Flip open a parenting magazine, any parenting magazine.
In the front section there is sure to be a page with Real World Advice from readers. And on that page, there is sure to be a tip like this one from the pages of the Real Simple Family edition I picked up at the store this week:
"The best parenting advice I have ever received is 'Drive the car.' There is nothing like a backseat full of chattering girls -- of any age -- to provide valuable, even startling, insights into their daily lives, interests, concerns, hopes, and dreams."
Too true, Susan Bowers of Whittier, Calif. Too true.
I've had ample opportunity this summer, that's for sure. Lucy and I have spent a lot of time together in the car over the past few months, zooming from one appointment to the next. And then this summer, we would get up early-ish, pack up the car with DVDs, wipe-off dry erase coloring books, and lots of juice boxes and coffee, and head off for an hour's drive to the auditory processing clinic across the Bay. And then drive an hour back later in the morning. In between Milo & Otis and the Wizard of Oz, there is a little time for chatting.
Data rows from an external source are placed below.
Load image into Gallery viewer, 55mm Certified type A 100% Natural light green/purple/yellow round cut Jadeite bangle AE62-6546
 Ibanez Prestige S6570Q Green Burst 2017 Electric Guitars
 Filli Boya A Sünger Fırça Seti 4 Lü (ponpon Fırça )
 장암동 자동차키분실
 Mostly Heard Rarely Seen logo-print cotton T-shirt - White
And Susan Bowers is right -- you do get valuable, even startling insights from the front seat.
Take this exchange a few days ago, as I drove Lucy home from preschool.
Me: "Okay, we're going to go home, rest, have a snack, and then go to OT."
Her: "Just me and you, right? Not Tessie.
Me: "No, Tessa is coming too. She'll hang out in the waiting room with me."
Her: "But I don't want her to come! I only want you and me. I'm going to tell her she can't come."
Me: "No, you can't be rude to your sister."
Her: "What's 'rude'?
Me: "Rude is when you are mean and hurt someone's feelings. It's not okay to be rude."
Her: "Ohh no! But I love to be rude! I have to be rude! Being rude makes me happy! I am always rude!"
Me: stunned into silence, again.
And then this exchange, from today in the car on the way home from the other side of the Bay.
Her: "Hold my hand while you drive, mama."
Me: "No, that's not safe. Driving is about being safe."
Her: "No, driving is about going lots of places."
Me: "Well, yes. And being safe."
Her: "No, you don't need to be safe."
Me: "Yes, it's important so that we don't get hurt."
Her: "No, it's not."
Me: exasperated into silence.
Her, a few beats later, in a tone of patient explanation: "That was me being rude, mama."
Nothing like a backseat of chattering girls indeed.